Authors Lose Millions in Royalties, Writers’ Group Says Government Is Culpable

Authors Lose Millions in Royalties, Writers’ Group Says Government Is Culpable
Books are shown on a bookshelf in Ottawa on Jan. 7, 2011. (Sean Kilpatrick/The Canadian Press)
Amanda Brown
7/14/2023
Updated:
7/14/2023
0:00

Access Copyright, one of the country’s largest collectives representing 13,000 authors, said it will lay off staff and cut budgets due to the loss of millions in royalties under an Act of Parliament.

The collective announced July 13 that these actions are a direct result of the millions of dollars in royalties being lost as a consequence of the Copyright Act, according to Blacklock’s Reporter.

Cabinet has not yet adopted a recommendation from 2019 from the Standing Committee on Canadian Heritage that it restrain free photocopying currently permitted under the Copyright Act.

“Access Copyright’s board of directors has made the difficult decision to initiate a significant downsizing and restructuring of the organization due to the federal government’s decade-long inaction in fixing Canada’s publishing marketplace,” Access Copyright said in a statement.

The group did not respond to questions, and the scope of job cuts was not outlined, Blacklock’s Reporter said.

“This is 90 percent sitting on the desks of government,” said John Degen, CEO of the Writers’ Union of Canada. “They know what the problem is. They know what damage is being caused. Actual people are losing actual jobs.”

Authors and publishers have lost more than $200 million in royalties since 2012, Access Copyright said.

In 2012, Parliament amended the Copyright Act to allow for the copying of books without royalty payment or having to seek permission from authors or publishers as long as reproduction was for personal research purposes. The spirit of these guidelines is referred to as “fair dealing.”

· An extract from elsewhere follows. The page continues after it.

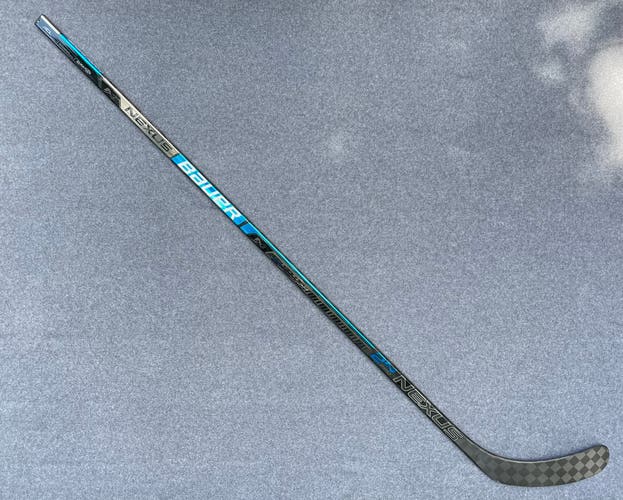 Bauer Nexus 2NPROXL Hockey Stick, 87 Flex, NEW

In the same year, a Supreme Court decision in the case of Alberta v. Access Copyright expanded the private research exception to include the wholesale photocopying of textbooks and literature for use in the classroom.

Supreme Court documents revealed that York University admitted to the distribution of 29 million photocopied books for student course packs. In the absence of permission and financial compensation, lost royalties have amounted to more than $2 million per year.

“It is entirely up to the government at this point,” said Mr. Degen. “The rest of the world is looking at Canada, shocked and dismayed, knowing that we do not protect intellectual property.”

Established in 1988, Access Copyright set out to represent and support authors and publishers in the realm of licensing agreements.

In the absence of collectives, “it leaves it up to individual publishers and authors to have to protect their copyright in the courts,” said Mr. Degen. “That was the reason we created a copyright collective in the first place.”

In a media announcement published on its website July 13, Access Copyright lamented the government dragging its heels on the implementation of the 2019 recommendations, saying as that a direct consequence, its authors’ revenue has plummeted.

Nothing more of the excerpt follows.